Returns income, expense, net, and margin per department for a date range, sorted most-profitable-first. Input:
{
  from: string;
  to: string;
  departments?: string[];  // exact names; omit to include all departments
}
Return type: ProfitByDept[]
interface ProfitByDept {
  department: string;
  income: number;
  expense: number;
  net: number;
  margin: number | null;   // net / income; null for cost-center departments
}
margin is null for departments that booked no income (Marketing, Operations, Finance). These are cost centers — a null margin means “not applicable”, not a data gap or a zero-margin break-even. Example question: “Which department is the most profitable and which is the biggest cost center?” When to use vs. other tools: Use get_profitability for “most/least profitable department”, “profit/margin by team”, or “net contributors vs. cost centers” questions. get_summary only totals the whole company. get_cashflow tracks profitability over time for the whole company, not across departments.

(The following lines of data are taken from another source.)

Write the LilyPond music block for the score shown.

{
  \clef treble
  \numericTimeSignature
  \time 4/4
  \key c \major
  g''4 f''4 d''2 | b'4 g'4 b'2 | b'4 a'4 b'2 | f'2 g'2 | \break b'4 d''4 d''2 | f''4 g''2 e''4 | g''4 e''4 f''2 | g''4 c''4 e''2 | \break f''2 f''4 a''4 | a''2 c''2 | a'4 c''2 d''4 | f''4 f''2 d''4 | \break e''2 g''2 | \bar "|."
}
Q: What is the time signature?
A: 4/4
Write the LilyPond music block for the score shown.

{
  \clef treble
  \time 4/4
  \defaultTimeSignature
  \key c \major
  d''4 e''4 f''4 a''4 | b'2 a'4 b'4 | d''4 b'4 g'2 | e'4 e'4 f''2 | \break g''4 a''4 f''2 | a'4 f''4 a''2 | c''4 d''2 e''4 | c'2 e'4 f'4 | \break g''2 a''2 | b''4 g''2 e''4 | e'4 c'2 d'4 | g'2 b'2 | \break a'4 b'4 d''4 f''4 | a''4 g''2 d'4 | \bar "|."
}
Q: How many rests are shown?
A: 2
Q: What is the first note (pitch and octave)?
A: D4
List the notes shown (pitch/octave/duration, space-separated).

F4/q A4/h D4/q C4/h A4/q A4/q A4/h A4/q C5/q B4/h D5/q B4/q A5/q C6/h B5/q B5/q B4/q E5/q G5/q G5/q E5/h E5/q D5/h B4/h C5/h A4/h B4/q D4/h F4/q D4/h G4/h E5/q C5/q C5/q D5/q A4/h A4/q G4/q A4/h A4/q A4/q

This is the only tool that pairs a department’s revenue against its spend.

get_data_overview

Returns metadata about the dataset itself: row counts and date coverage. Input: none (no parameters). Return type: DataOverview
interface DataOverview {
  dataFrom: string;
  dataTo: string;
  departments: number;
  categories: { total: number; revenue: number; expense: number };
  transactions: number;
  budgets: number;
}
Example question: “How many transactions do we have and what date range do they cover?” When to use vs. other tools: Use get_data_overview for questions about the data itself — record counts, coverage dates, how many departments or categories are tracked. Never use get_summary for these, since that returns financial totals (income/expense), not row counts.

Tool selection guide

Question typeCorrect tool
Trends, growth, over-time seriesget_trend
Over/under budget, budget vs. actualget_budget_status
Unusual, suspicious, or outlier spendget_anomalies
Whole-company totals (income, expense, net)get_summary
Spend or revenue mix by categoryget_category_breakdown
Cash flow, burn rate, cumulative net over timeget_cashflow
Profit, margin, net contribution by departmentget_profitability
Record counts, coverage dates, dataset metadataget_data_overview
getHighlights() is an internal library function with no corresponding agent tool. It powers the /api/finance/highlights REST endpoint, which is consumed by useFinanceHighlights in app/_components/agent-chat/use-finance-highlights.ts to generate the suggested question chips and inject live date ranges into the agent’s instructions each session. Because it runs before the user’s first message, it adds zero latency to the agent’s response path.